Pełną wersję znajdziecie na stronie queencorner.fm.interia.pl, w dziale Wywiady. Tam też są dwa inne nowe wywiady, z Brianem. Brian opowiada głównie o początkach zespołu, produkowaniu płyt i swoim sprzęcie. Jeśli kogoś interesują te tematy, to polecam.
Freddie powiedział, a Wundżun przetłumaczył i napisał: |
BIGGER IS BETTER - WIĘKSZE JEST LEPSZE
wywiad telewizyjny z Freddiem Mercury
1985 r.
[...]
DZIENNIKARZ: Jaki jest twój stosunek do życia?

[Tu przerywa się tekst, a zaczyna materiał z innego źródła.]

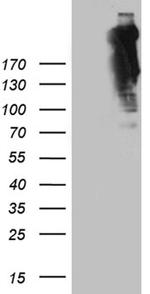 SPTAN1 Antibody in Western Blot (WB)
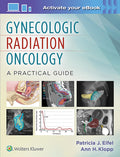 Gynecologic Radiation Oncology A Practical Guide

FREDDIE MERCURY: Sam nie wiem. Szczerze mówiąc, w tym momencie chodzi mi o to, żeby się dobrze bawić. Przedtem byłem bardzo poważny, bo myślałem że będąc gwiazdą tak właśnie powinienem się zachowywać. Teraz mam to gdzieś. Chcę robić wszystko po swojemu, i przy okazji dobrze się bawić. Myślę, że jeśli będę podchodził do spraw w ten sposób, to wyjdzie to w moich piosenkach. Tak więc myślę, że nauczyłem się pewnego wyciszenia. Nie jestem taki paranoiczny jak wcześniej i mam nadzieję, że uda mi się zapanować nad życiem i mówić otwarcie o tym czego chcę, i robić to co chcę. Myślę, że na końcu zwycięża bycie naturalnym i szczerym, i mam nadzieję że moje piosenki to odzwierciedlają. Nie martwię się, że coś pójdzie nie tak, chyba jestem na to za stary.

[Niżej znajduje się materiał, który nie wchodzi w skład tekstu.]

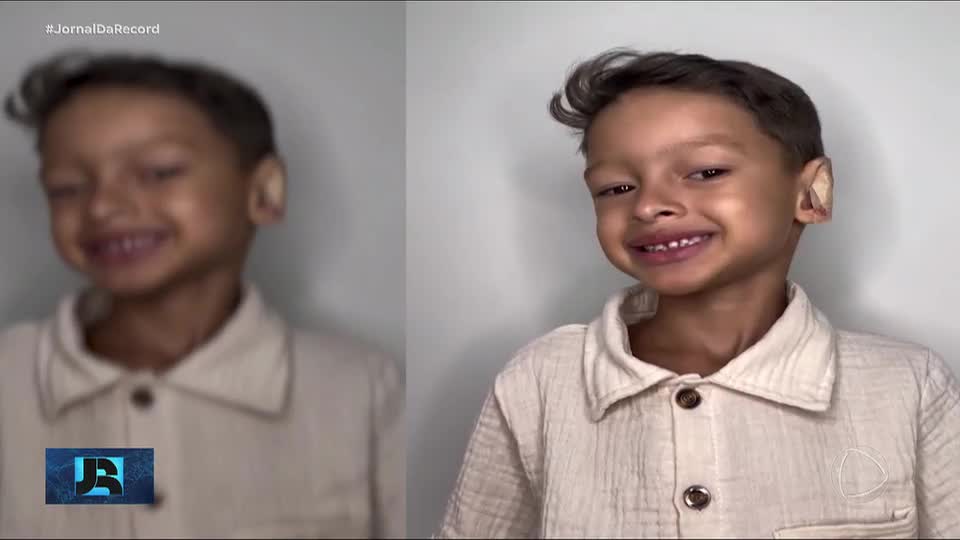 Menino de seis anos que sofria bullying ganha cirurgia para corrigir orelhas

Nic dziwnego, po sprzedaniu 80 mln płyt...
Aż tylu, skarbie?
Tak.
Och, w porządku.
Sprzedałeś z Queen 80 milionów płyt na całym świecie. Dlaczego angażujesz się w tego typu projekt [album solowy "Mr Bad Guy" - przyp. tłum.], bo jest to dość ryzykowne, prawda? Wystawić głowę na zewnątrz i pokazać się z innymi muzykami?

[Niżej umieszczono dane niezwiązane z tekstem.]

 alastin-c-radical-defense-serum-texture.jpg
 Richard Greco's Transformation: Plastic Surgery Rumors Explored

Taki mam styl życia. Tak, prawdę mówiąc nie mógłbym znaleźć żadnego innego lepszego zajęcia. Wiesz, nie umiem gotować, byłbym kiepski jako gospodyni domowa, mam to po prostu we krwi. Tak długo zajmuję się muzyką, że weszło mi to w krew, nie wiem co innego mógłbym robić. Bez tego stałbym się kompletnie bezradny, więc muszę to robić. Oczywiście, nie jest to żaden przymus. Zarobiłem mnóstwo pieniędzy. Mógłbym żyć sobie z nich pięknie i wspaniale aż do śmierci, ale mam taki styl życia, że muszę coś robić każdego dnia. Chcę sam zarabiać na utrzymanie i chcę czymś się zajmować. Mam w sobie niespokojną energię i muszę jakoś dać jej upust. Nie mogę po prostu leżeć cały dzień do góry brzuchem i zupełnie nic nie robić. Uważam to za stratę czasu. Rzadko czytam książki. Myślę, że to strata czasu. Ludzie mnie chyba zabiją za to stwierdzenie. Ale mam w sobie tą niespokojną energię i po prostu komponuję muzykę, i chcę to robić dalej, napisałem wiele piosenek i lubię to robić. Wcześniej uważałem to za moją pracę, to wciąż moja praca, ale teraz traktuję ją jak przyjemność, wiesz, to bardzo jest interesujące. Stoi przede mną mnóstwo wyzwań i tak jak powiedziałeś, to dla mnie kolejny krok i nowe wyzwanie, którego się z wielką chęcią podejmę.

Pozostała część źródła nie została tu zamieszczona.